> Problem statement
Retype only what runs from the line with "GRIPPHEEL, 250 ST – PZN 433302" through the end of the entries, exactly and in full, but omit any picture you find.

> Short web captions

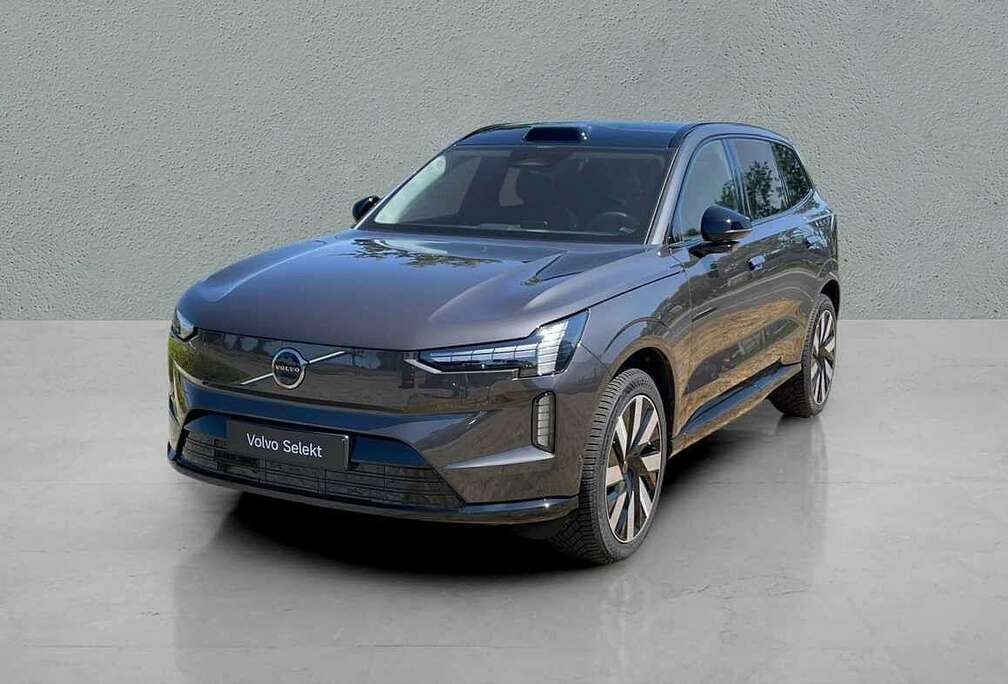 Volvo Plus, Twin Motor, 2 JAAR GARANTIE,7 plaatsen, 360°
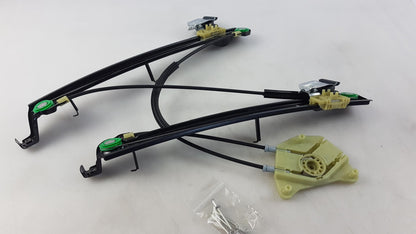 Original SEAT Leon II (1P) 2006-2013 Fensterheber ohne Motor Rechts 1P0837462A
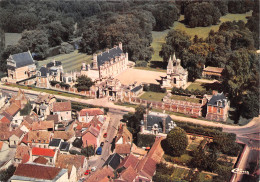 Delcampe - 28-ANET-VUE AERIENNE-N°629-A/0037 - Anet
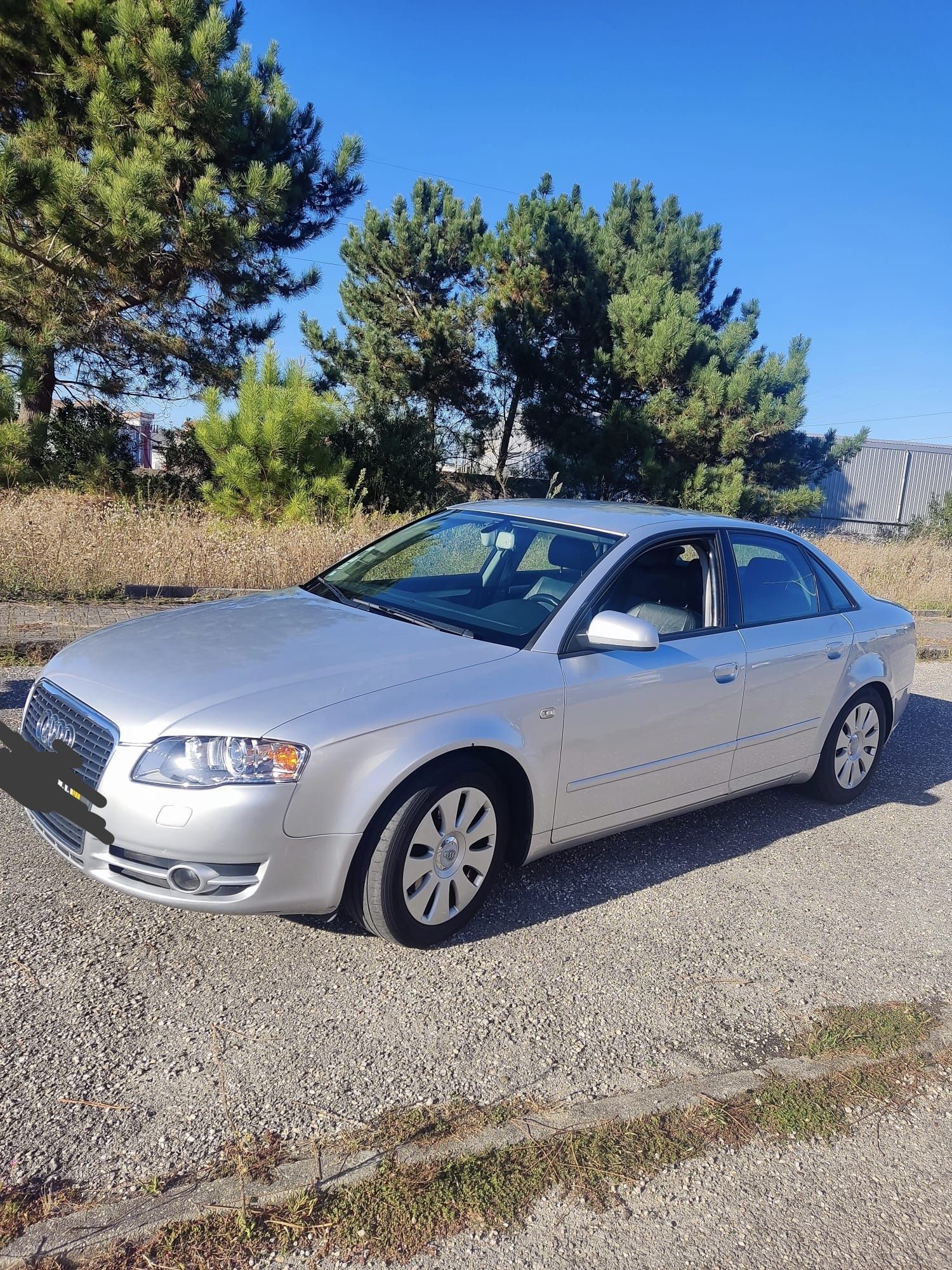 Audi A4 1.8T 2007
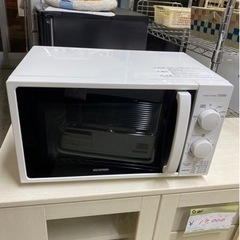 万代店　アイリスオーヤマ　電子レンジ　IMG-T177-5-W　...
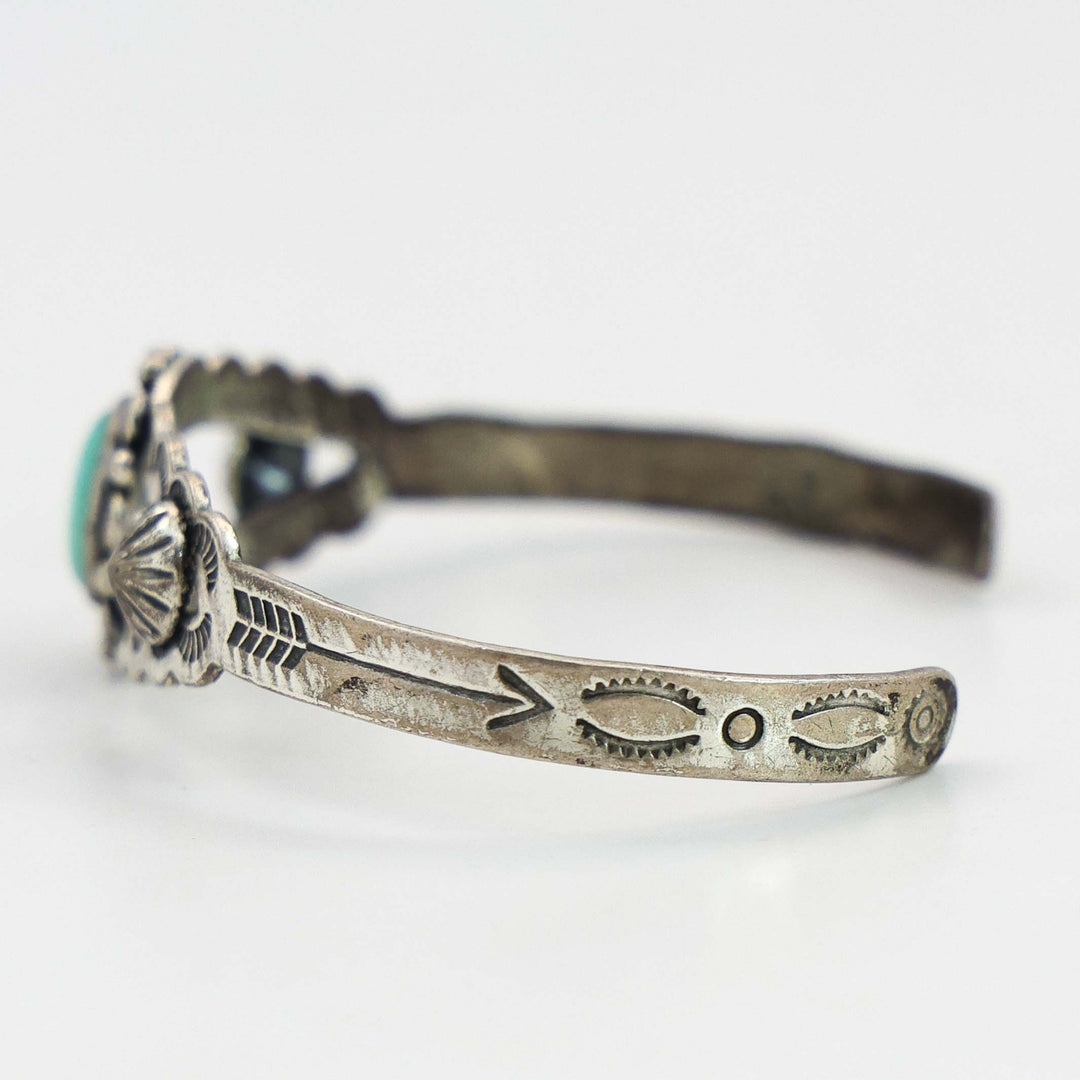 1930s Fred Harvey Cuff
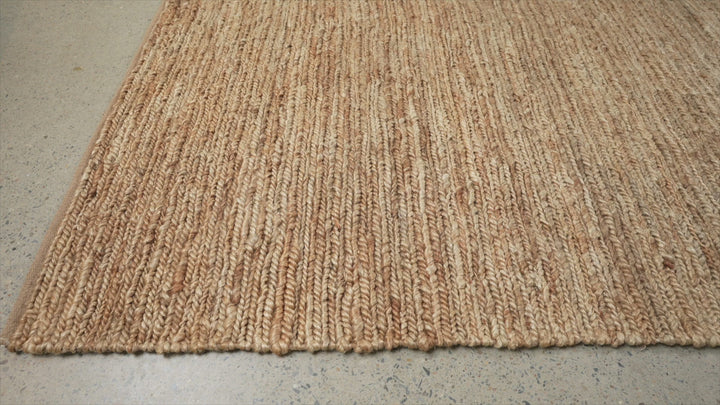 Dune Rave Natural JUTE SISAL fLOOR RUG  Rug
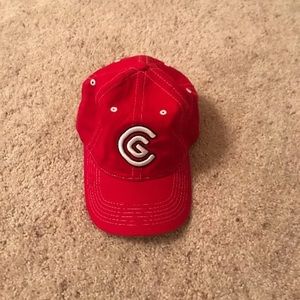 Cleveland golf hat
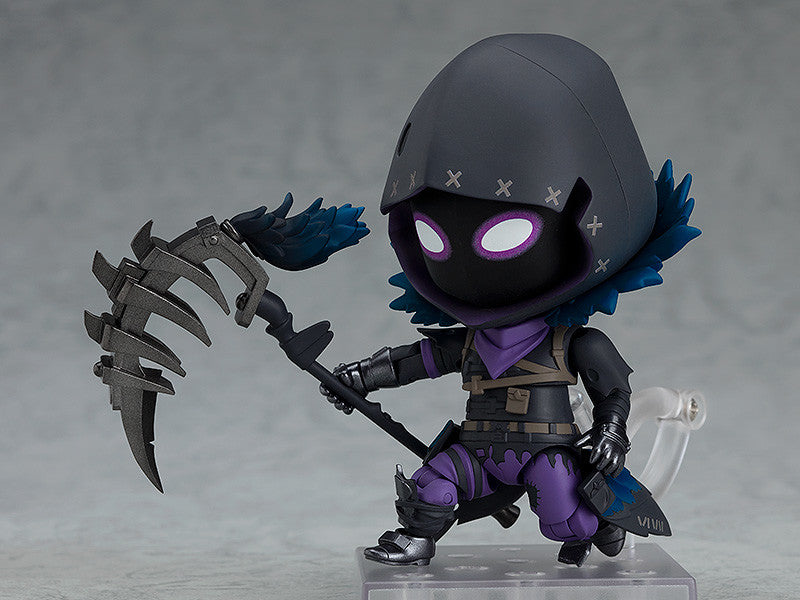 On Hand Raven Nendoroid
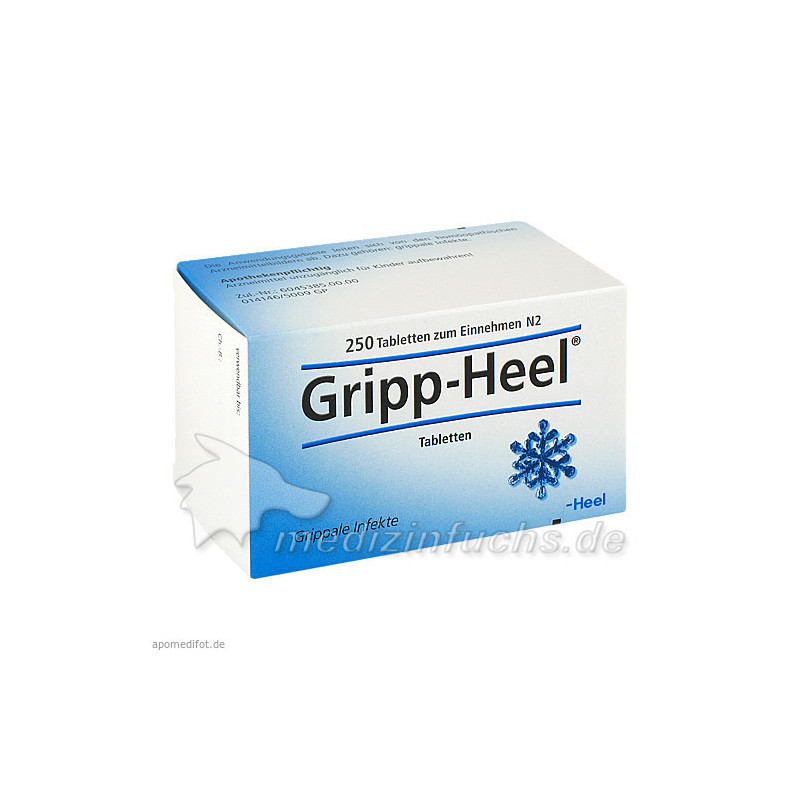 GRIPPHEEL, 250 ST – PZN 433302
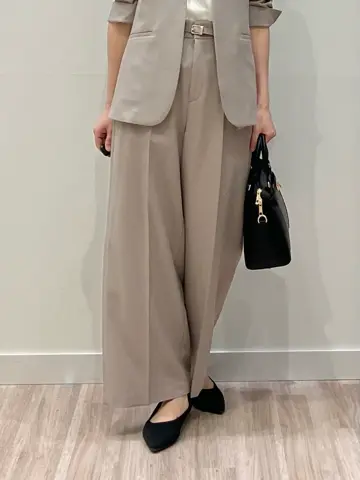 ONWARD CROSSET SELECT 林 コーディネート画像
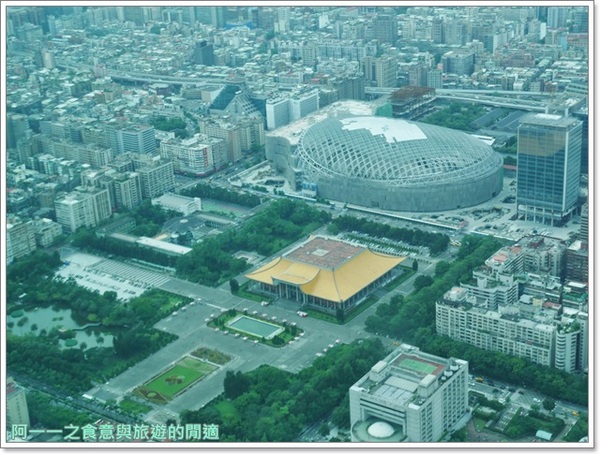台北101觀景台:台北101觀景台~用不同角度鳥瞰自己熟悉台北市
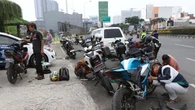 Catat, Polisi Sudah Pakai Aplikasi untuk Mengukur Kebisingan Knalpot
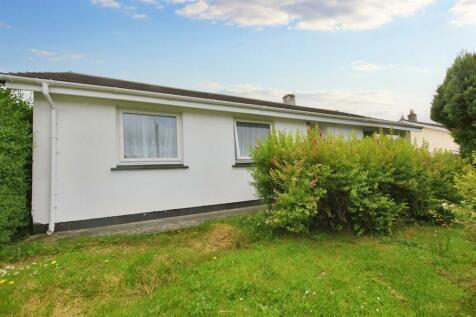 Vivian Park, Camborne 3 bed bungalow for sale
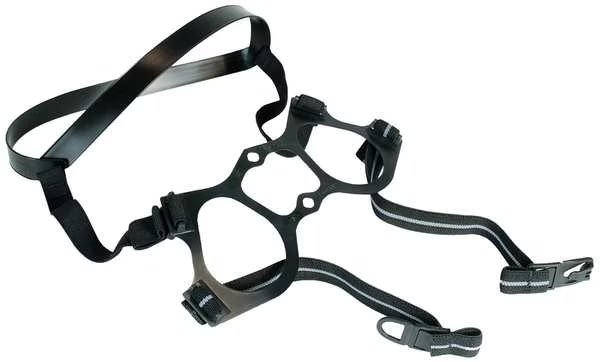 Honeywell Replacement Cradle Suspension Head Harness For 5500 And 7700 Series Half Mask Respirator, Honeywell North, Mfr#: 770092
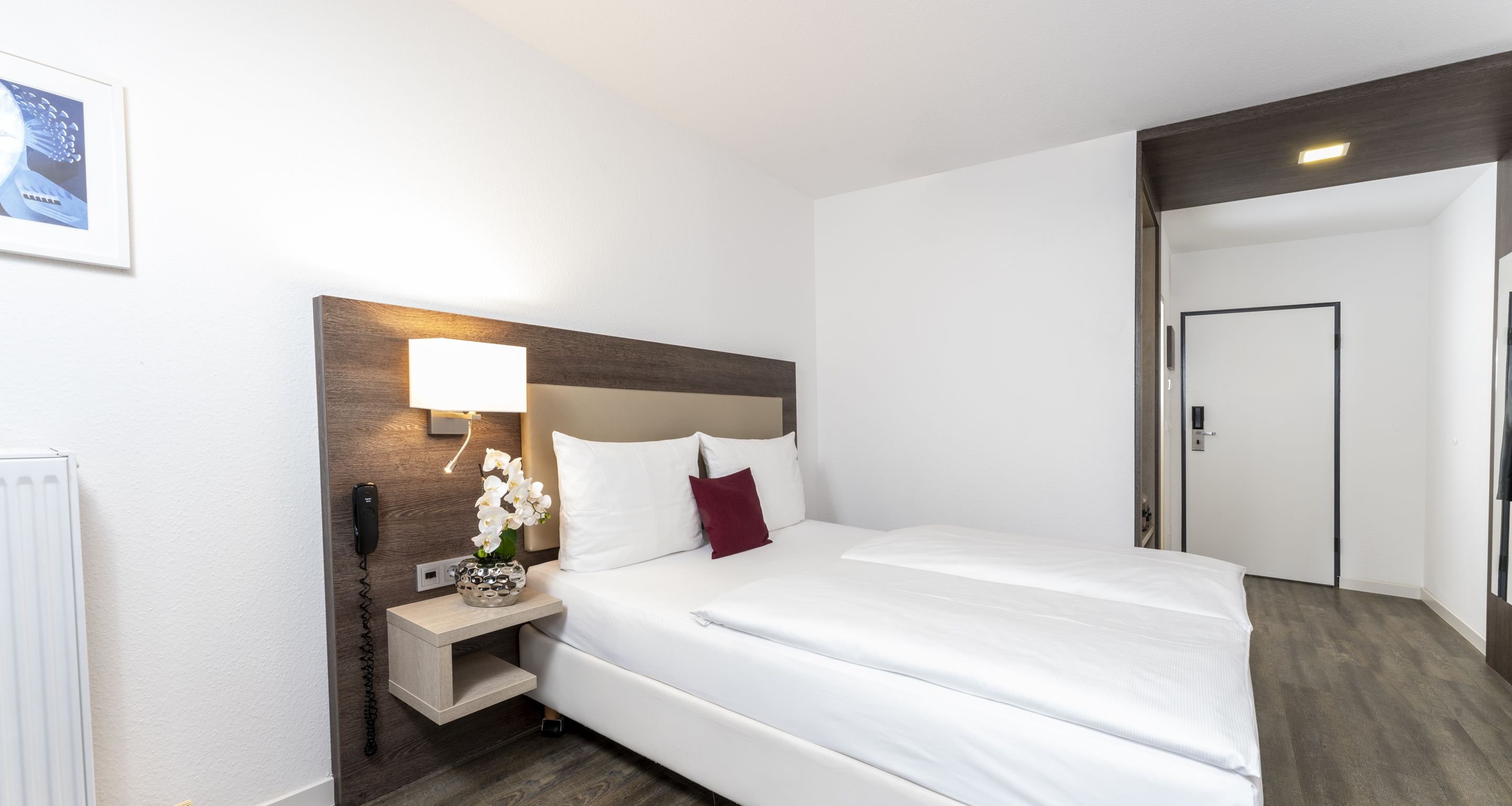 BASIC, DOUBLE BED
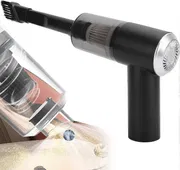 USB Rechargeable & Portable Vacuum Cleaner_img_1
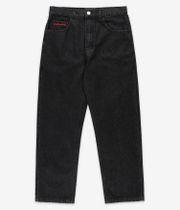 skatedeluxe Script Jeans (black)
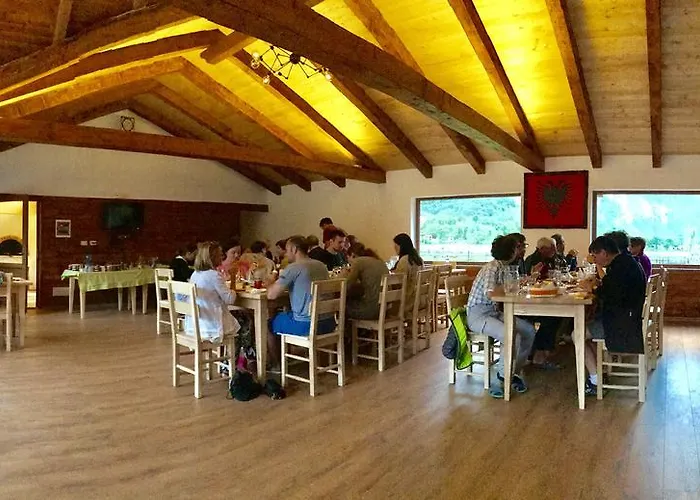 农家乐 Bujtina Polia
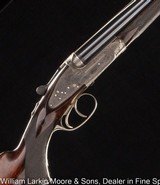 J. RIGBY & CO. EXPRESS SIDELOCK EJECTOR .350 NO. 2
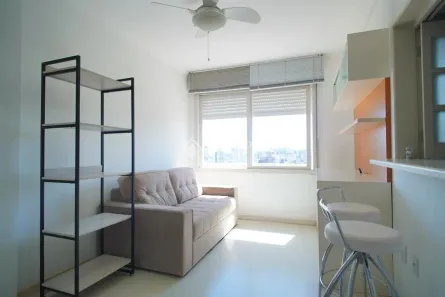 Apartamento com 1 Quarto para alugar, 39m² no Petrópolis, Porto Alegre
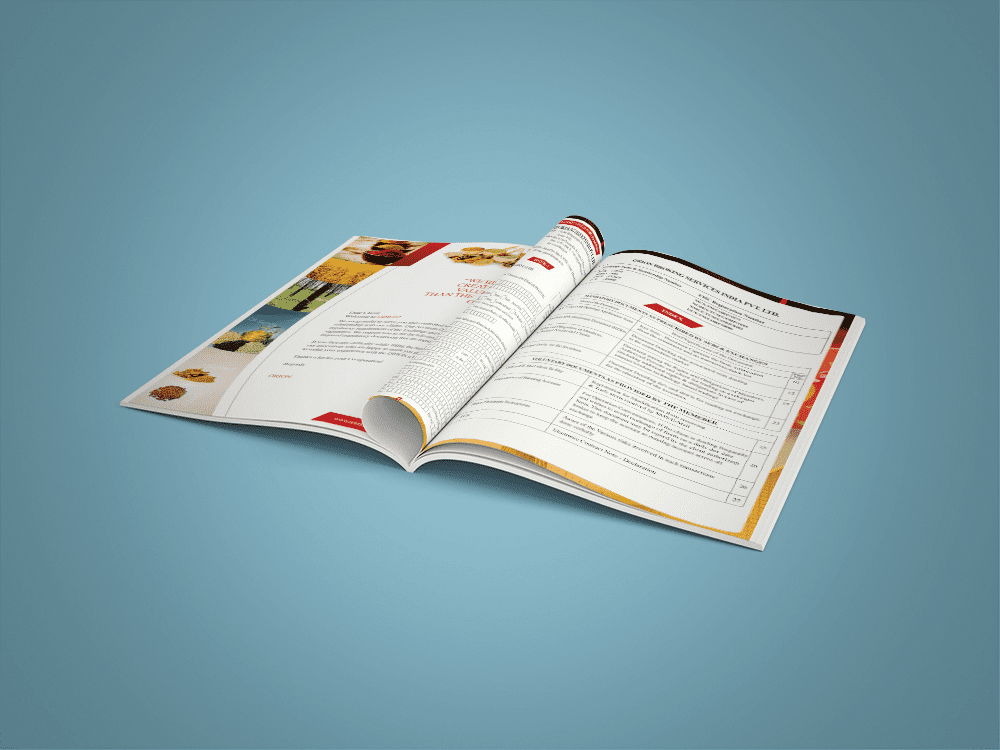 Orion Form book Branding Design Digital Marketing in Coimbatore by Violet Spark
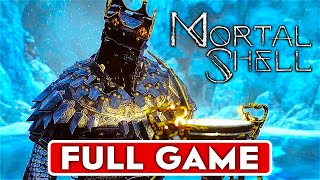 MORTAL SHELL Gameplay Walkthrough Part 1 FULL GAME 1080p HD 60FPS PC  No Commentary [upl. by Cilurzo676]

> Response
 GRIPPHEEL, 250 ST – PZN 433302
 ONWARD CROSSET SELECT 林 コーディネート画像
台北101觀景台:台北101觀景台~用不同角度鳥瞰自己熟悉台北市
 Catat, Polisi Sudah Pakai Aplikasi untuk Mengukur Kebisingan Knalpot
 Vivian Park, Camborne 3 bed bungalow for sale
 Honeywell Replacement Cradle Suspension Head Harness For 5500 And 7700 Series Half Mask Respirator, Honeywell North, Mfr#: 770092
 BASIC, DOUBLE BED
 USB Rechargeable & Portable Vacuum Cleaner_img_1
 skatedeluxe Script Jeans (black)
 农家乐 Bujtina Polia
 J. RIGBY & CO. EXPRESS SIDELOCK EJECTOR .350 NO. 2
 Apartamento com 1 Quarto para alugar, 39m² no Petrópolis, Porto Alegre
 Orion Form book Branding Design Digital Marketing in Coimbatore by Violet Spark
 MORTAL SHELL Gameplay Walkthrough Part 1 FULL GAME 1080p HD 60FPS PC  No Commentary [upl. by Cilurzo676]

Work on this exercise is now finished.